This skill installs and configures Ollama as the local embedding provider for GrepAI so you can generate private embeddings on your machine. It guides you through installation on macOS, Linux, and Windows, model downloads, verification steps, and GrepAI configuration. The goal is a fast, private setup where code never leaves your device.

How this skill works

The skill walks you through installing the Ollama service, pulling an embedding model (recommended: nomic-embed-text), verifying the local API is responding, and updating GrepAI’s config to point at the local endpoint.

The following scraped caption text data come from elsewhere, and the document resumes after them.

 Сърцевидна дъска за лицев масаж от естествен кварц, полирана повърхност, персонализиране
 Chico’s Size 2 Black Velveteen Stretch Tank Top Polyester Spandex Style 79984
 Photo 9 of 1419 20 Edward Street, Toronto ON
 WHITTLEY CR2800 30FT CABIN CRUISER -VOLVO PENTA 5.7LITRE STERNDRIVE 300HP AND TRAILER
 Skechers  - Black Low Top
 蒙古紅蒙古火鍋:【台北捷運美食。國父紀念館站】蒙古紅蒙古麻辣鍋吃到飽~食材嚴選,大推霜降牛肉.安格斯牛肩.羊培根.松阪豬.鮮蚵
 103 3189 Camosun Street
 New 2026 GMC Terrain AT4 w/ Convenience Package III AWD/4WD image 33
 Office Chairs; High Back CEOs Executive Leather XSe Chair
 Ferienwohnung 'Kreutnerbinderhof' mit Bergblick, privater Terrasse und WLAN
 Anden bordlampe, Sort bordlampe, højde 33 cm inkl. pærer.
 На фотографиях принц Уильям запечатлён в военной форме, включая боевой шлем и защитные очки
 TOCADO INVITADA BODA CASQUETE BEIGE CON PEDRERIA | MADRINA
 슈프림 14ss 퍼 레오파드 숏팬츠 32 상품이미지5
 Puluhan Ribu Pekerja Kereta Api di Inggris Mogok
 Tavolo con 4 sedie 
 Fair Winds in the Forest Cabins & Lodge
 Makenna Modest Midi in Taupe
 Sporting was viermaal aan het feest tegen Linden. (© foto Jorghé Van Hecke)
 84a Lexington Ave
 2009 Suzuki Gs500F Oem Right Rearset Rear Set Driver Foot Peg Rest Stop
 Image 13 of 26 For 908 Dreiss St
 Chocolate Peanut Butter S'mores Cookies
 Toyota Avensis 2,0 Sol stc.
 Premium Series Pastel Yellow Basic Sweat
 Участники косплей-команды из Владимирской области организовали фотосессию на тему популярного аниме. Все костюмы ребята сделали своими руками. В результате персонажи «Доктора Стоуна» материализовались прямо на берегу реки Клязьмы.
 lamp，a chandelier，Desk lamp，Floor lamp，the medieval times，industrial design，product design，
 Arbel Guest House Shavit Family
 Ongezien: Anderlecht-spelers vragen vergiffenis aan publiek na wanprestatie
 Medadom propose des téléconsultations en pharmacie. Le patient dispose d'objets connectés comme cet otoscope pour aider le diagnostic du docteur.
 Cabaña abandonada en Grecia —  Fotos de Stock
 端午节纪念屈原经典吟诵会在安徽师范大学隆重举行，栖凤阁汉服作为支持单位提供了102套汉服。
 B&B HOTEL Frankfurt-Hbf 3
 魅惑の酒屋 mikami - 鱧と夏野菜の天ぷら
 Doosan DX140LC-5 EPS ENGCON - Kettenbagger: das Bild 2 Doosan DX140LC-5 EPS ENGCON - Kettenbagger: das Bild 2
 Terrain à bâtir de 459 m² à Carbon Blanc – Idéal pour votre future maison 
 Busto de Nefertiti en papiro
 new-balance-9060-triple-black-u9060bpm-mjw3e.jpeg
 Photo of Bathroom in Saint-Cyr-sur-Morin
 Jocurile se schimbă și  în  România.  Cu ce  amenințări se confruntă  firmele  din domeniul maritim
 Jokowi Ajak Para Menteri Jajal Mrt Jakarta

It includes commands to test embedding generation and common troubleshooting steps for connection, model availability, and resource limits.

When to use it

  • Setting up GrepAI for private, local embeddings
  • Installing Ollama for the first time on macOS, Linux, or Windows
  • Choosing and downloading an embedding model for code search
  • Troubleshooting Ollama connectivity or model issues
  • Optimizing local embedding performance and memory usage

Best practices

  • Start Ollama before launching GrepAI (run ollama serve or enable the service)
  • Use nomic-embed-text for a balance of size and performance unless you need multilingual or higher-accuracy models
  • Run Ollama in the background as a service for continuous availability
  • Monitor memory usage and pick a smaller model if you hit RAM limits
  • Keep models updated with ollama pull to benefit from fixes and improvements

Example use cases

  • Private code search in a local repo where code must never leave the machine
  • Setting up an offline development environment that generates embeddings without network access
  • Switching to a multilingual embedding model for repositories with mixed-language comments
  • Testing embedding generation locally during CI or pre-commit checks
  • Troubleshooting slow or failing GrepAI searches by validating the Ollama endpoint and model

FAQ

How do I verify Ollama is running?

Curl the API tags endpoint (curl http://localhost:11434/api/tags) or run ollama list to see downloaded models.

Which model should I pull first?

Start with nomic-embed-text (768 dims) for general code search; pull larger or multilingual models only if you need higher accuracy or language coverage.